◆ **Action item**: Using the records below, repeat exactly the lines from the one holding "COMMBCA's tweet image." through the one holding "Runner Photo 4608265", both ends included, and no others.

----- Provided records

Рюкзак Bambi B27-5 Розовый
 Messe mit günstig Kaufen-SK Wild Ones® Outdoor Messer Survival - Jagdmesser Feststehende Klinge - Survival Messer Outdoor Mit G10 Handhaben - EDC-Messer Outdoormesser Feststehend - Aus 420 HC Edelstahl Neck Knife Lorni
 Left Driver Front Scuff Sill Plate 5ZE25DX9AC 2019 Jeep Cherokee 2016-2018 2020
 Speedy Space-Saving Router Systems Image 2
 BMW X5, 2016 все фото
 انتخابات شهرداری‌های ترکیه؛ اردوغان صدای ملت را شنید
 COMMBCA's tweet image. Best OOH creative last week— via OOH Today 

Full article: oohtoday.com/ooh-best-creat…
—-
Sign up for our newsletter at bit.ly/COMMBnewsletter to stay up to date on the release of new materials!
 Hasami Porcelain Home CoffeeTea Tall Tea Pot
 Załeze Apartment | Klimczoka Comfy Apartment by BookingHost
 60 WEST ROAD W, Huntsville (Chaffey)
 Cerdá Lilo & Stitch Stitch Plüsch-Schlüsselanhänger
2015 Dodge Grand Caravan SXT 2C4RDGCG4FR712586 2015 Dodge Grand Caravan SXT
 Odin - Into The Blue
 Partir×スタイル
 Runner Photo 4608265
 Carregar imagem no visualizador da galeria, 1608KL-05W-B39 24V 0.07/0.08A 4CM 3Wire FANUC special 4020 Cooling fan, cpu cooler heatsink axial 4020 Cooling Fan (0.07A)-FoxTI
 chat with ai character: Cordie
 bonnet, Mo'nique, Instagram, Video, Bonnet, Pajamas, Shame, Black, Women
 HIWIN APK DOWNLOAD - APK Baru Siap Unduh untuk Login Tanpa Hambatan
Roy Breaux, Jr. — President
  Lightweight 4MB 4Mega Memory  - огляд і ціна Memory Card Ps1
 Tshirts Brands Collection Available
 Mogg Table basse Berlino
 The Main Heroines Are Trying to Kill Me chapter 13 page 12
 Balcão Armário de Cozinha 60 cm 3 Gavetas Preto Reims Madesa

----------

◆ **Solved exercise**:
 COMMBCA's tweet image. Best OOH creative last week— via OOH Today 

Full article: oohtoday.com/ooh-best-creat…
—-
Sign up for our newsletter at bit.ly/COMMBnewsletter to stay up to date on the release of new materials!
 Hasami Porcelain Home CoffeeTea Tall Tea Pot
 Załeze Apartment | Klimczoka Comfy Apartment by BookingHost
 60 WEST ROAD W, Huntsville (Chaffey)
 Cerdá Lilo & Stitch Stitch Plüsch-Schlüsselanhänger
2015 Dodge Grand Caravan SXT 2C4RDGCG4FR712586 2015 Dodge Grand Caravan SXT
 Odin - Into The Blue
 Partir×スタイル
 Runner Photo 4608265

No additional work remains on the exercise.